REVIEW: Two Days, One Night

1 10 2014

Two Days One NightTelluride Film Festival

In 1999, Jean-Pierre and Luc Dardenne arrived on the world stage of cinema in a big way with “Rosetta,” a film that won them the Palme d’Or at Cannes as well as global renown.  That story, which they both wrote and directed, followed its eponymous 17-year-old protagonist as she battles for self-survival in an unfeeling Belgian capitalist system.  In spite of all the setbacks she faces, however, Rosetta always summons the strength from within to get back on her feet and scrounge around again for a job.

Two Days, One Night” arrives from the brothers 15 years later, who once again take an out-of-work female as their subject.  Marion Cotillard stars in the film as Sandra, a struggling factory worker who learns she has one weekend to convince 16 coworkers to relinquish a bonus in order for her to stay on the company’s payroll.  Such a daunting task would seemingly shock anyone out of lethargy and into tenacious survival mode.

Yet when the Dardennes first introduce Sandra, she lies motionless on her side and is content to simply let an important phone call ring until it gets forwarded to voicemail.  Throughout the film, Sandra appears to believe that going to fight for her job is a futile waste of her time and energy.  Most of the push to continue the journey, in fact, comes from her rather saintly husband, Manu (Fabrizio Rongione).

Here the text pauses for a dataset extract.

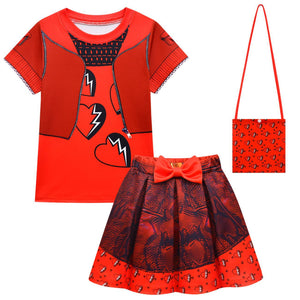 Kids Princess Red Costume T-shirt Shirts and Bag The Rise Of RED Halloween Cosplay Outfit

Much of Sandra’s lack of confidence is explainable by her personal struggles with depression (that might be a generalized description of the specific condition afflicting her, which seemed to resemble bipolar disorder).  To focus solely on the personal, however, diminishes a whole world of social commentary in “Two Days, One Night.”  This is the second time that the Dardennes have placed the imminent possibility of joblessness in front of their central character, and the response that follows has shifted from powerful pugnacity to alarming apathy.